### Aim of the exercise
Nothing but the lines below from the one that contains "Full Wedge Golf" through the one that contains "Sufdari Twin XL" should be retyped, exactly and including both ends. Do not include pictures.

### Data for review
=== Begin Enclosure ===

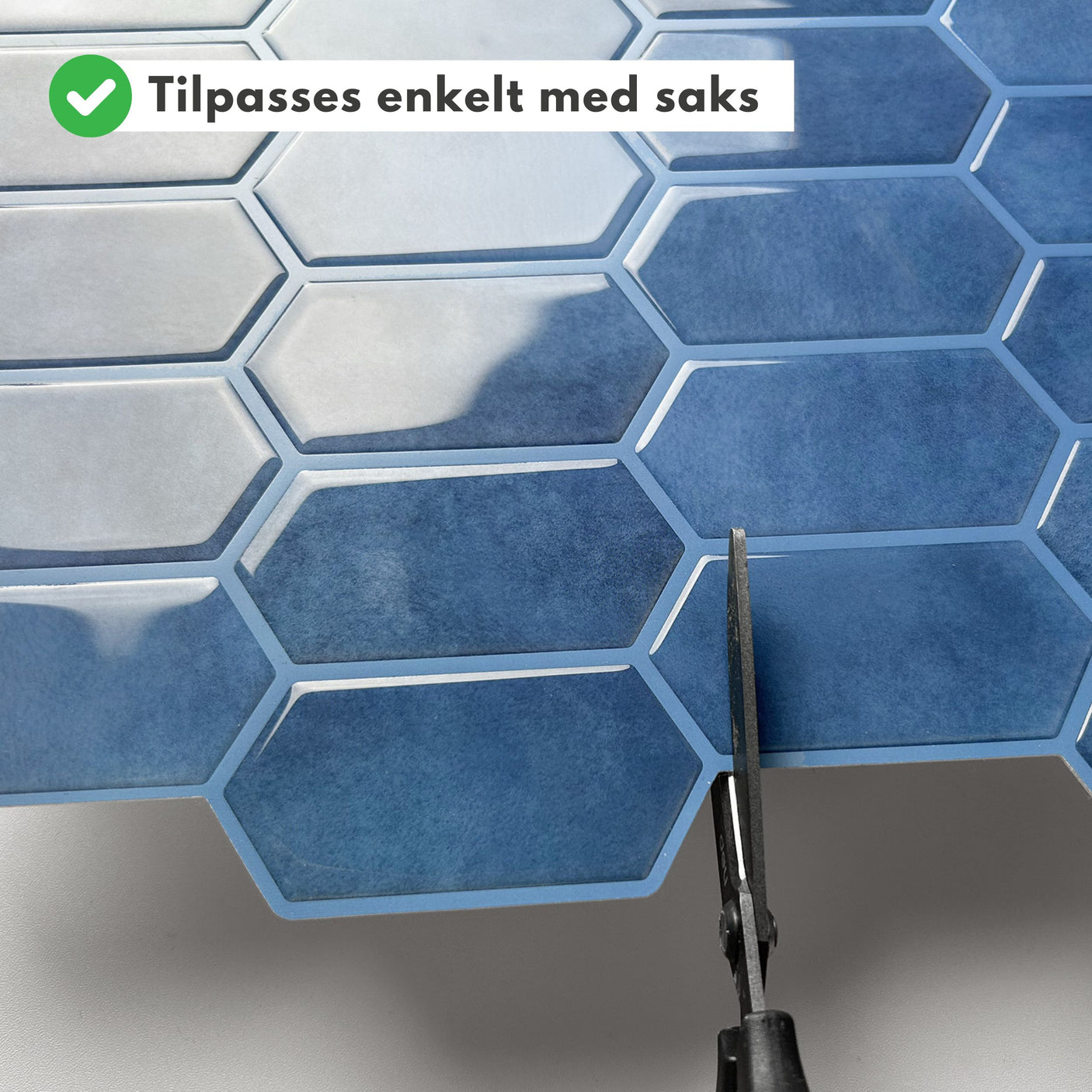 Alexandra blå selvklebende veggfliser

=== End Enclosure ===
=== Begin Enclosure ===

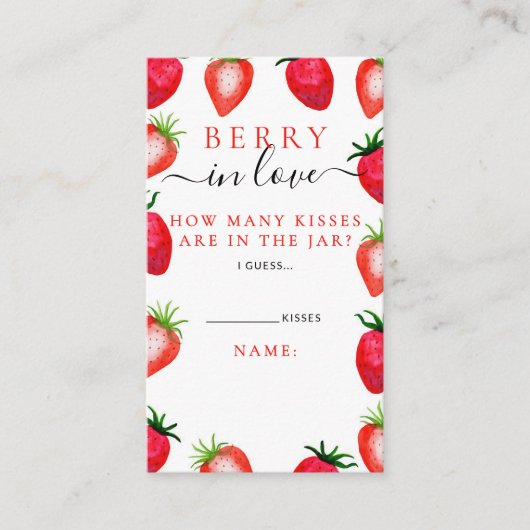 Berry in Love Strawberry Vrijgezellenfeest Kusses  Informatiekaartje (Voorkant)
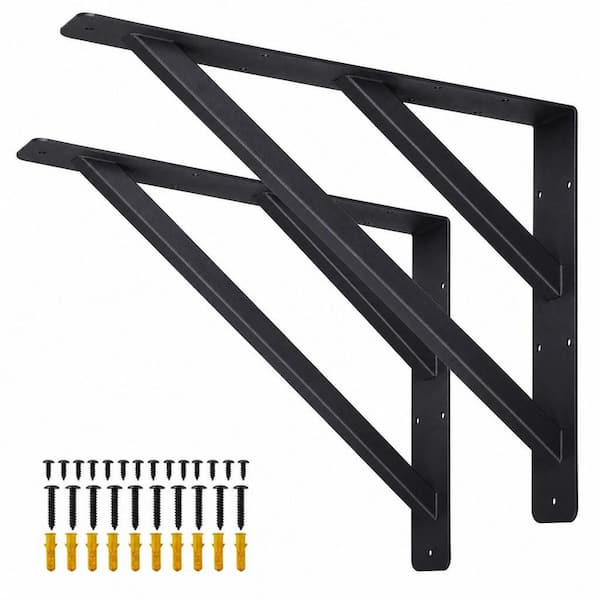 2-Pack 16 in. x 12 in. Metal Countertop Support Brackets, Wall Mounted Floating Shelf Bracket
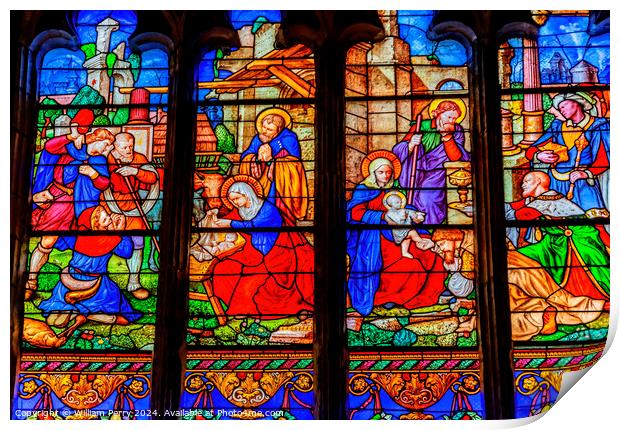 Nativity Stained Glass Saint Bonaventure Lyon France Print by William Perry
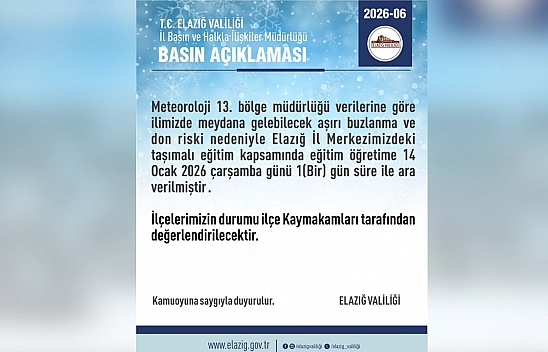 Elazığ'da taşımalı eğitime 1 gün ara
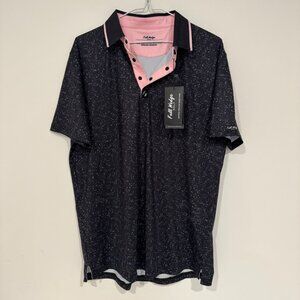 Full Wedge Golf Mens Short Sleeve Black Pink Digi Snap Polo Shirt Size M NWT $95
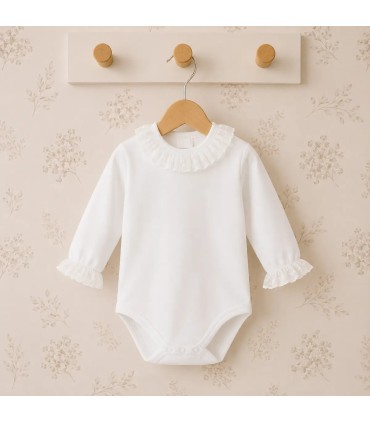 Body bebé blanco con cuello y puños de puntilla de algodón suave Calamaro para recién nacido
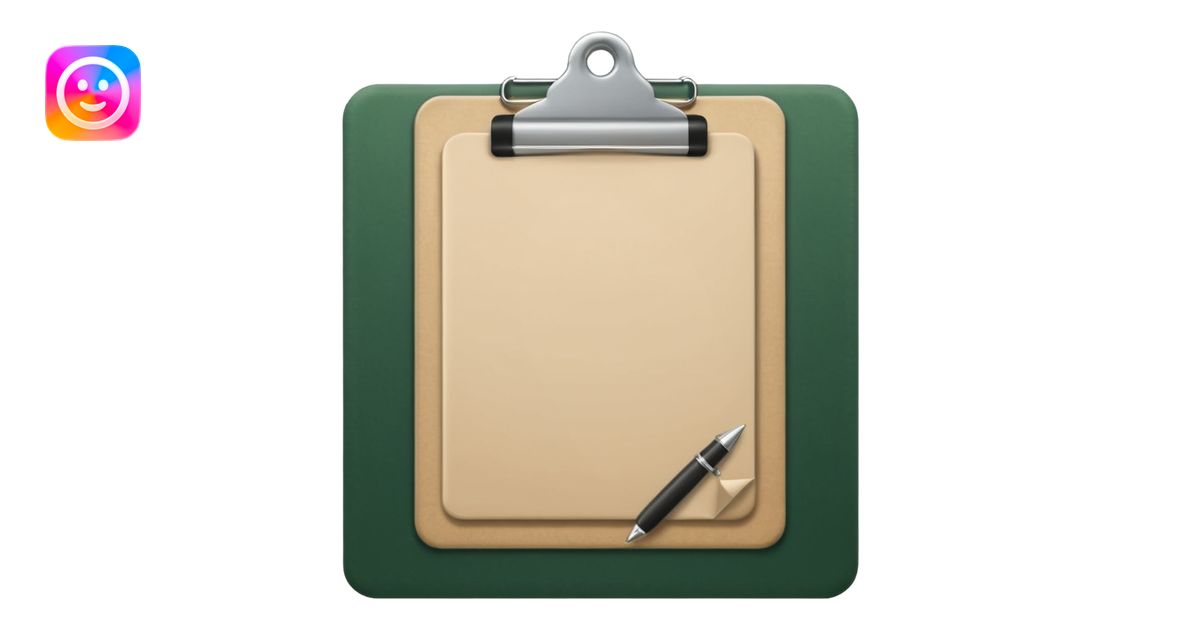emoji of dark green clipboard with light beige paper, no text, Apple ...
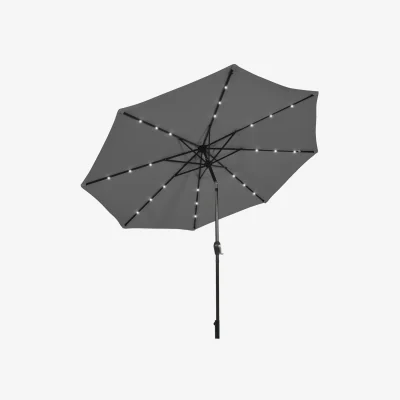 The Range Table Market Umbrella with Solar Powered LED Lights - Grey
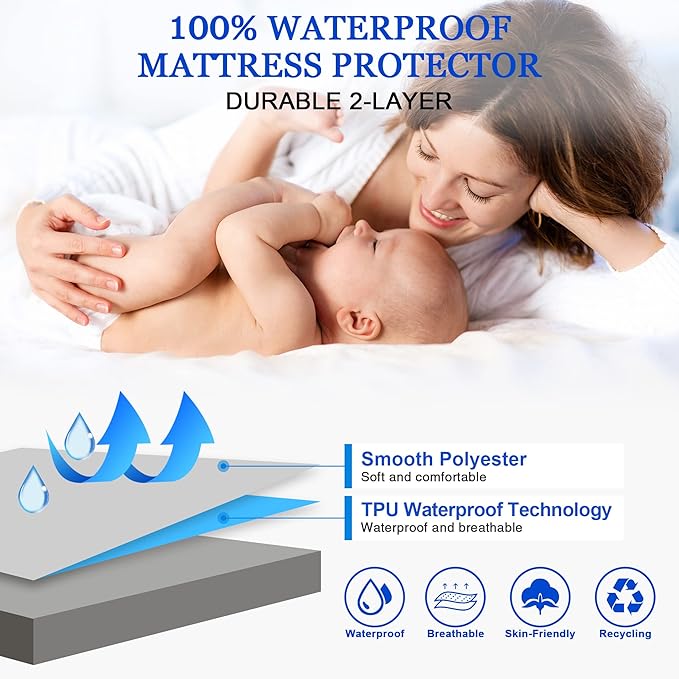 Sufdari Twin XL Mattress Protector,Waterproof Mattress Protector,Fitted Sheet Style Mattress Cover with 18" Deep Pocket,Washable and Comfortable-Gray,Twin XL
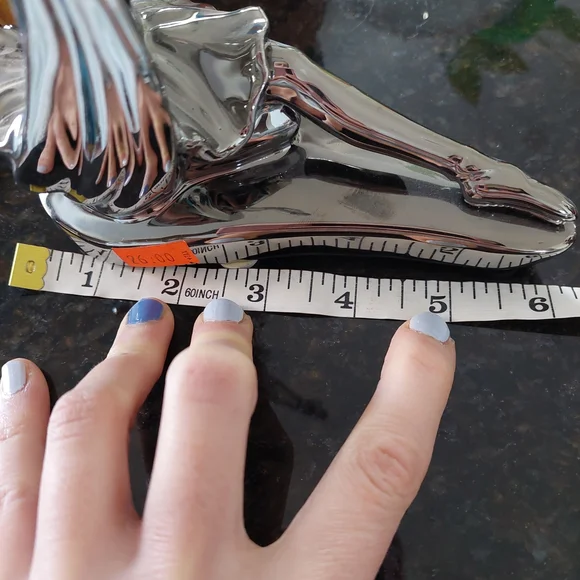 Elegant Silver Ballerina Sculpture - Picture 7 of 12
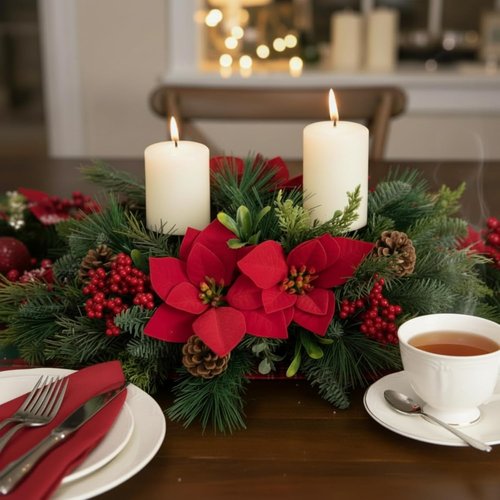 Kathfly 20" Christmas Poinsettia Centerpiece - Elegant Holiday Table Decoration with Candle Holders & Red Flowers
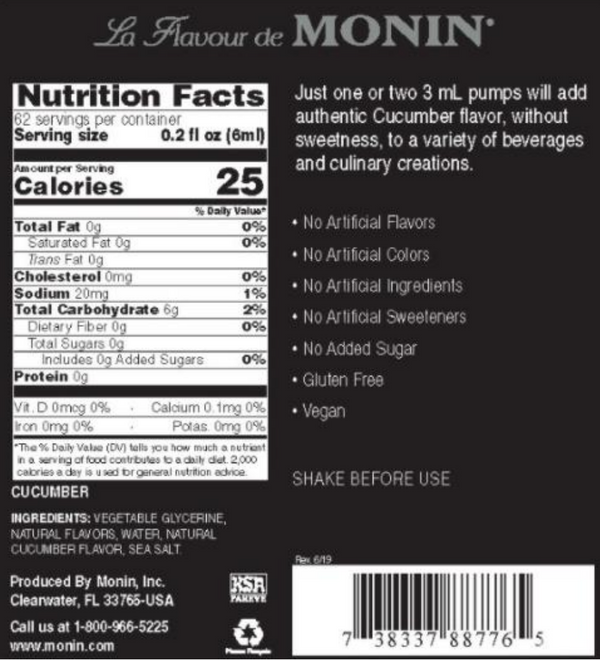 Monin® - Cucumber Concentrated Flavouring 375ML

=== End Enclosure ===
=== Begin Enclosure ===

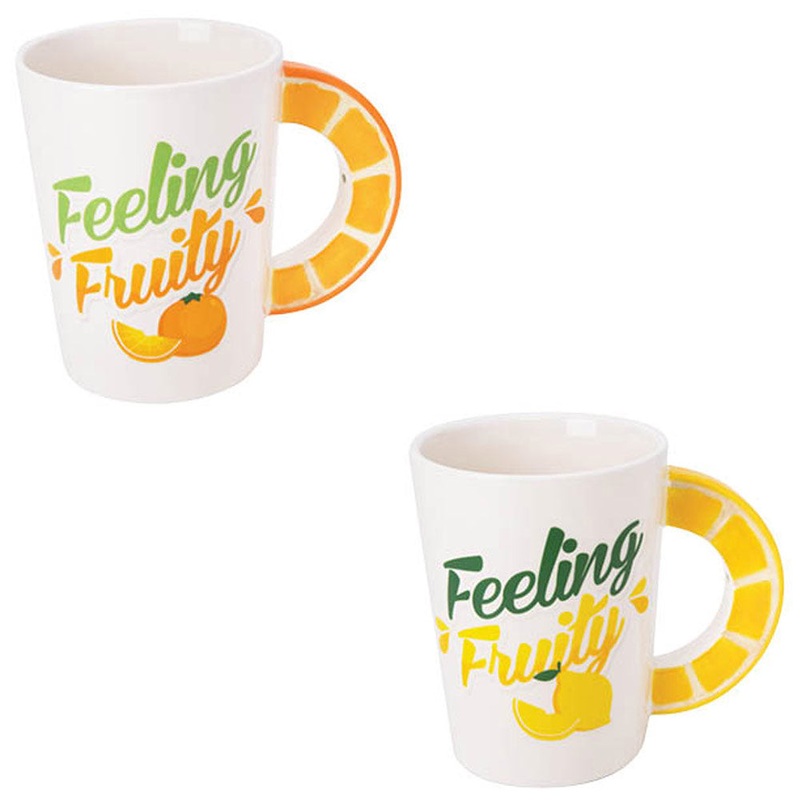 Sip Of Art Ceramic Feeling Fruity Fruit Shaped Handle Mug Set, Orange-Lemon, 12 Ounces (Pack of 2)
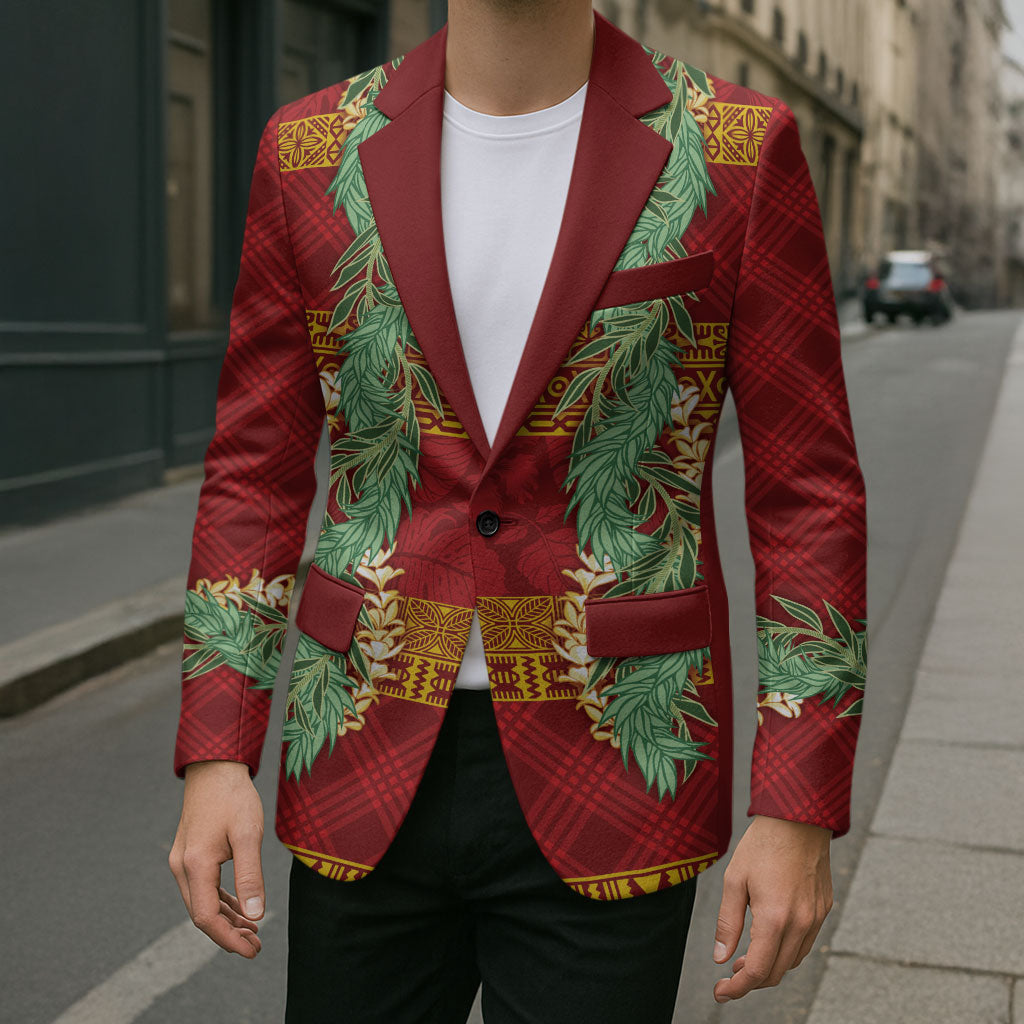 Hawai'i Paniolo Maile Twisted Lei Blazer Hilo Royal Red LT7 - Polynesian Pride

=== End Enclosure ===

### Exercise answer
 Full Wedge Golf Mens Short Sleeve Black Pink Digi Snap Polo Shirt Size M NWT $95
 Body bebé blanco con cuello y puños de puntilla de algodón suave Calamaro para recién nacido
emoji of dark green clipboard with light beige paper, no text, Apple ...
 The Range Table Market Umbrella with Solar Powered LED Lights - Grey
 Sufdari Twin XL Mattress Protector,Waterproof Mattress Protector,Fitted Sheet Style Mattress Cover with 18" Deep Pocket,Washable and Comfortable-Gray,Twin XL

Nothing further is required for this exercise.